La oscuridad de las noches puede hacerlas infinitas, cargadas de nostalgias, eternas. Pero de pronto, una sola llama que se enciende disipa la penumbra y se hace compañera en el tenue clima de soledad. El susurro de las chispas, el movimiento ondulante como una danza y los colores fuertes que se elevan crean casi un halo de misticismo. Sólo observar el fuego invita a abandonar temores y a despertar en poesías. Hasta el último siglo y durante milenios el aceite fue el más preciado y fino combustible que lograba mantener iluminada cualquier noche. Símbolo de la luz, era con aceite que se ungía a Reyes y Sacerdotes. Es con el aceite más sagrado y especial que se ungirá nada menos que al Mesías. Sin embargo, el Rey Salomón, el rey sabio, nos enseña: “Tov Shem mi-Shemen Tov” – “Es mejor un buen nombre, que el mejor de los aceites” (Kohelet 7:1).
Esta semana comenzamos la lectura del segundo Libro de la Torá, llamado generalmente “Éxodo”. No obstante, no es ese su nombre original. En hebreo el nombre del libro es “Shemot”, que significa justamente: “Nombres”. Que el libro llamado “Nombres”, no sea conocido por su propio nombre, nos sugiere que todo nombre lleva consigo, también, un secreto.
Llamamos por su nombre a aquello que conocemos. Para ser más exactos, lo que creemos conocer, o conocemos exteriormente. Pero no siempre alcanza con saber el nombre de algo o de alguien para asumir que sabemos todo lo que en verdad hay allí dentro. ¿Cuál es el propósito esencial de su existencia? Es por ese motivo que desconocemos el nombre de Dios. Creer que entendemos al misterioso Poder creador de todo, o acaso alguno de sus secretos, sería apenas una quimera. De todos los nombres que se le atribuyen a Dios, el más utilizado en hebreo es “Hashem” que significa nada menos que: “El Nombre”. En nuestra limitación humana no alcanzamos a comprenderlo, por eso no sabemos Su Nombre. Lo llamamos, entonces, “El Nombre”.
El libro comienza relatando la esclavitud en Egipto. En el Capítulo 2 aparece uno de los relatos más conocidos de la Biblia, el del nacimiento de Moisés: “Un hombre de la tribu de Leví fue y tomó por mujer a una hija de la tribu de Leví, la que concibió, y dio a luz un hijo; y viendo que era hermoso, lo tuvo escondido tres meses. Pero no pudiendo ocultarlo más tiempo, tomó una cesta de juncos y la calafateó con asfalto y brea, y colocó en ella al niño y lo puso en la orilla del río. Y una hermana suya se puso a lo lejos, para ver lo que le acontecería. Y la hija del Faraón descendió a lavarse al río, vio ella la cesta en el río y envió una criada suya a que la tomase. Cuando la abrió, vio al niño; y he aquí que el niño lloraba. Y teniendo compasión de él, dijo: De los niños de los hebreos es éste” (Éxodo 2:1-6)
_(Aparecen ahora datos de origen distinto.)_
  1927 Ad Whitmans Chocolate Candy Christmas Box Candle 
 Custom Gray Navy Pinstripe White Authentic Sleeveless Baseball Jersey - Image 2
Si observamos detenidamente el texto, no figura en él un solo nombre. Un hombre, una mujer, un niño, una hermana, una hija de un Faraón. El Libro de los Nombres no le pone un solo nombre a los personajes que iniciarán la epopeya liberadora más famosa de la humanidad. Egipto no es apenas un imperio de la antigüedad. Egipto es ese lugar en donde se pierden los nombres. Donde la identidad y el ser se diluye. Egipto es el lugar en donde olvidamos quiénes somos y para qué habíamos venido.
La palabra “Shem” (en hebreo: “Nombre”) a la vez significa: “propósito” o “sentido”. Preguntar en hebreo: “¿leSHEM ma?”, es preguntar: “¿para qué?”, o “¿cuál es el objetivo?” Egipto es ese lugar espiritual en el que perdemos nuestra razón de ser, nuestro rumbo. Donde olvidamos de dónde venimos y qué lugar alguna vez pretendimos alcanzar. El momento en en el cual apenas elegimos sobre-vivir a vivir. Donde perdemos nuestro nombre.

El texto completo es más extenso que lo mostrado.